Revision as of 17:56, 12 July 2016 by Stubbsda (talk | contribs) (Added a section on using Gnu Parallel across multiple nodes.)

Introduction

GNU Parallel is a tool for running many sequential tasks at the same time on one or more nodes. It is useful for running a large number of sequential tasks, especially if they are short or variable duration, as well as when doing a parameter sweep. We will only cover the basic options here, for more advanced usage, please see the official documentation.

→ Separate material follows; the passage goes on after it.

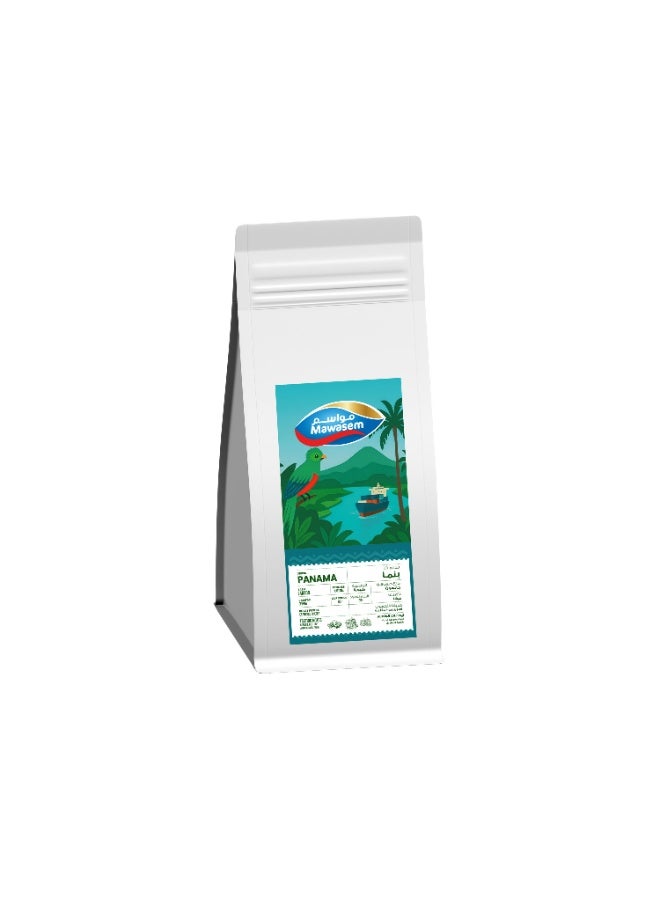 Mawasem Specialty Coffee Grind V60 - Geisha Panama Janson (1Kg)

By default, parallel will run as many tasks as the number of cores on the node, therefore maximizing resource usage. You can change this behaviour using the option --jobs followed by the number of simultaneous tasks that Gnu Parallel should run. When a task finishes, a new task will automatically be started by parallel.

Basic Usage

Parallel uses curly brackets {} as parameters for the command to be run. For example, to run zip on all the text files in a directory, you can execute

 
[name@server ~]$ ls *.txt | parallel zip {}

An alternative syntax is to use :::, such as this example:

 
[name@server ~]$ parallel echo {} ::: $(seq 1 3)
1
2
3

Multiple Arguments

You can also use multiple arguments by enumerating them, for example:

 
[name@server ~]$ parallel echo {1} {2} ::: $(seq 1 3) ::: $(seq 2 3)
1 2
1 3
2 2
2 3
3 2
3 3

File Content as Argument List

The syntax :::: takes the content of a file to generate the list of values for the arguments. For example, if you have a list of parameter values in the file mylist.txt, you may display its content with:

 
[name@server ~]$ parallel echo {1} :::: mylist.txt

Running on Multiple Nodes

You can also use Gnu Parallel to distribute a workload across multiple nodes in a cluster, such as in the context of a job on a Compute Canada server. An example of this use is the following:

 
[name@server ~]$ parallel --jobs 12 --sshloginfile $PBS_NODEFILE --env MY_VARIABLE --workdir $PWD ./my_program

In this case, we suppose that each node has 12 CPU cores and we will use the PBS_NODEFILE file created automatically by the job scheduler to tell Gnu Parallel which nodes to use for the distribution of tasks. The --env allows us to transfer a named environment variable to all the nodes while the --workdir option ensures that the Gnu Parallel tasks will start in same directory as the main node.